For almost two years, I directed the Gravity Imprint for Booktrope Publishing, which focused on stories of trauma and recovery (Booktrope is closing at the end of this month but the authors and their stories will continue to thrive and for that I’m proud and grateful to have been a part of this amazing journey). I released Broken Places in 2015 and it also has done amazingly well, also hitting #1 on those same lists and still ranking highly. Finally, I’m thrilled to share that I just signed with Lisa Hagan Literary Agency, and Shadow Teams NYC Publishing for all my Broken books and upcoming BadRedhead Media business books.
I’m currently writing Broken People, the last of the trilogy, which will focus on how victims of trauma move from victim to survivor and then, to thriver. What happens to us as we move through each stage? We are victims of horrific crimes — why do people tell us continually to ‘get over it?’ Our childhoods were taken from us in a terrible way at a very young age; I was eleven years old, the same age as my young son. I can’t even imagine what that would be like for him or any child. To minimize that grief, that rage, the humanity of that child, is egregious.
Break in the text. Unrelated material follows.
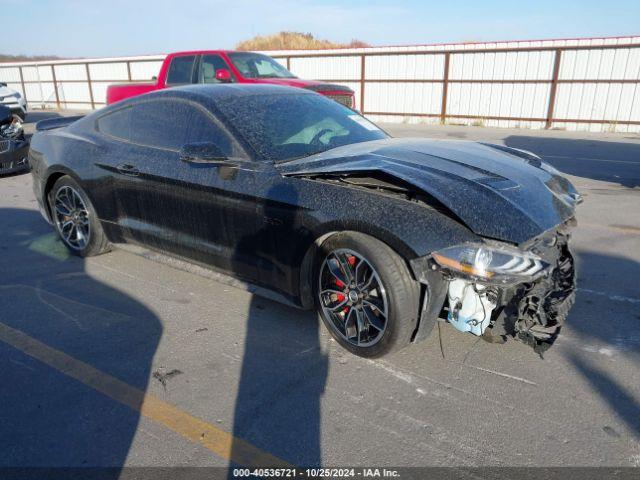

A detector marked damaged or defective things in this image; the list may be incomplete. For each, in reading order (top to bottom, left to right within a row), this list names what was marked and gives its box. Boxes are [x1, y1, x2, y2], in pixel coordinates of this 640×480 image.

dented hood [278, 138, 580, 244]
broken headlight assembly [430, 244, 552, 284]
damaged front end [412, 222, 576, 356] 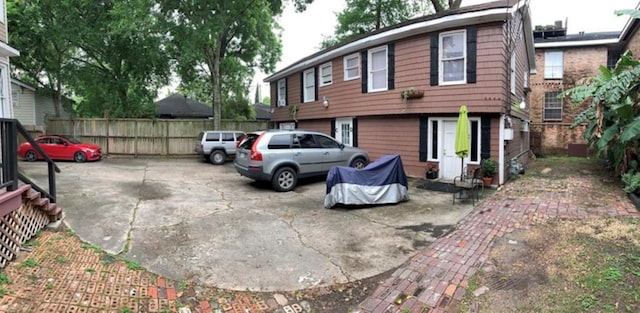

Where’s the compassion?
Ultimately, I cut off all contact with this mentor as well as the entire group, though two members did kindly connect with me within about a year to apologize, explaining that the mentor had set up the entire scenario to cut me down. To this day I don’t understand her motivations, and I really don’t need to. It doesn’t matter.
In fact, I want to thank her. That probably sounds crazy to you, but just like the trolls and bullies who tell me to get over it simply because I wrote my story, share others’ stories, and strongly advocate for all survivors, I believe the same is true of this person: her reaction showed me that I’m on the right path, and that for me is a win.